The huge portion of the exposure was held by U/KBs at 72.9 percent (or P292.0 billion) share while the remaining 27.1 percent (or P108.7 billion) was accounted for by TBs.

The exposure of U/KBs to the real estate sector went up by 2.2 percent to P292.0 billion from P285.7 billion the previous quarter and by 10.0 percent from year ago’s P265.4 billion. Similarly, the exposure of TBs expanded by 0.7 percent to P108.7 billion from last quarter’s P108.0 billion and by 6.6 percent  from year ago’s P102.0 billion.

Consistent with the higher level of RELs, the ratio of RELs to total loan portfolio, exclusive of interbank loans (TLP) of U/KBs and TBs increased to 15.2 percent from the 14.1 percent ratio posted last quarter and year ago. By industry, U/KB’s ratio of RELs to TLP increased to 12.5 percent from last quarter’s 11.5 percent and year ago’s 11.4 percent ratio. Similar ratio for TBs also went up to 34.3 percent from last quarter’s 33.9 percent yet lower than year ago’s 34.5 percent ratio.

Consistently, RELs extended for the construction and development of real estate properties for commercial purposes held the bulk at 56.6 percent (or P219.7 billion) of total RELs while the remaining 43.4 percent (or P168.2 billion) was granted for the acquisition, construction and/or improvement of residential units that is or will be occupied by the individual/household borrower.

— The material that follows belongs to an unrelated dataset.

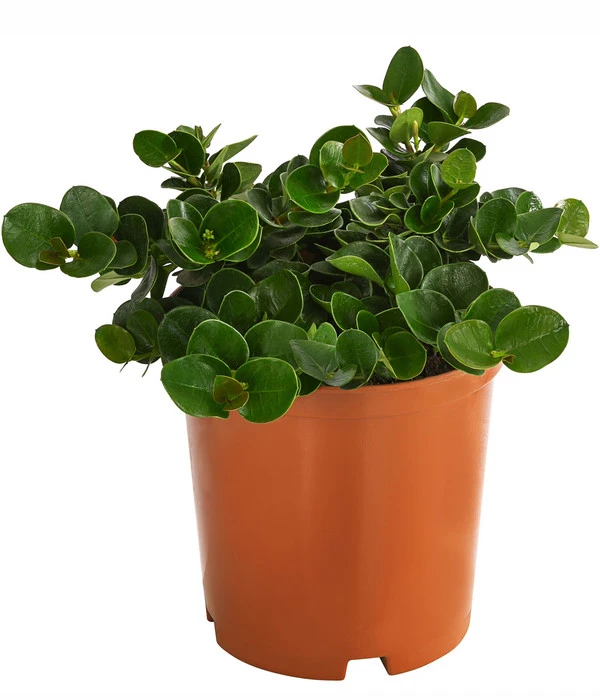 Natalpflaume 4 Natalpflaume – Bild 2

By industry, 72.2 percent (or P201.7 billion) of U/KB’s RELs were extended for commercial purposes while the remaining 27.8 percent (or P77.6 billion) were for residential purposes. On the other hand, RELs granted by TBs were concentrated in financing the acquisition, construction and/or improvement of residential units that are or will be occupied by individual/household borrowers. These comprised 83.4 percent (or P90.7 billion) of total RELs while the remaining 16.6 percent (or P18.0 billion) were used for the construction and development of real estate properties for commercial purposes.

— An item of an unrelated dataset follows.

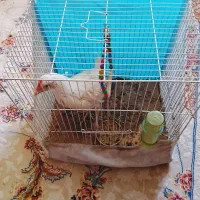 مرغ گوشتی با قفس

Non-performing RELs barely changed from previous quarter’s P23.2 billion but was favorably down by 8.1 percent from year ago’s P25.3 billion. Consequently, the ratio of non-performing RELs to total RELs was the same as last quarter’s 6.0 percent which was better than the 7.1 percent ratio posted a year ago. Likewise, as a percentage of TLP, delinquent RELs was unchanged from last quarter’s 0.9 percent but eased slightly from year ago’s 1.0 percent. By industry, U/KBs have a better ratio of non-performing RELs to total RELs at 5.0 percent compared to the 8.5 percent ratio posted by TBs.

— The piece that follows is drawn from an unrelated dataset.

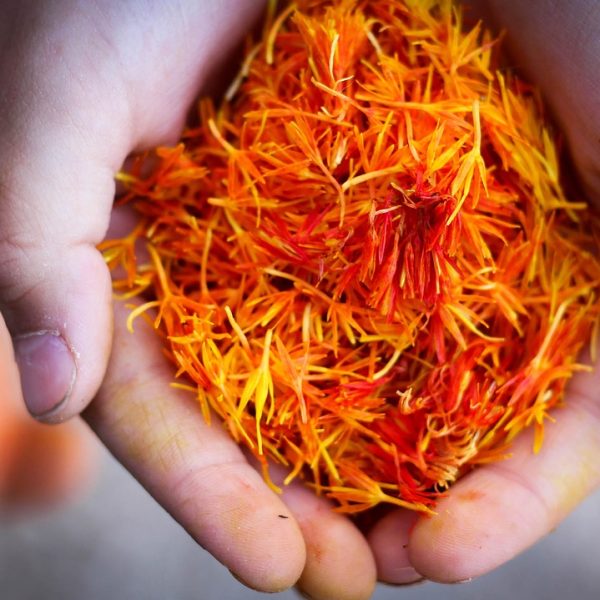 saffron, hand, natural, nature, saffron, saffron, saffron, saffron, saffron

Investments in debt securities (DS) issued by and in equity securities (ES) of real estate companies amounted to P12.7 billion, up by 28.2 percent from last quarter’s P9.9 billion and by 32.3 percent from year ago’s P9.6 billion. The ratio of combined RELs and investments to the real estate industry to TLP plus total debt and equity investments went up to 9.5 percent from last quarter’s 9.1 percent and year ago’s 9.2 percent ratio.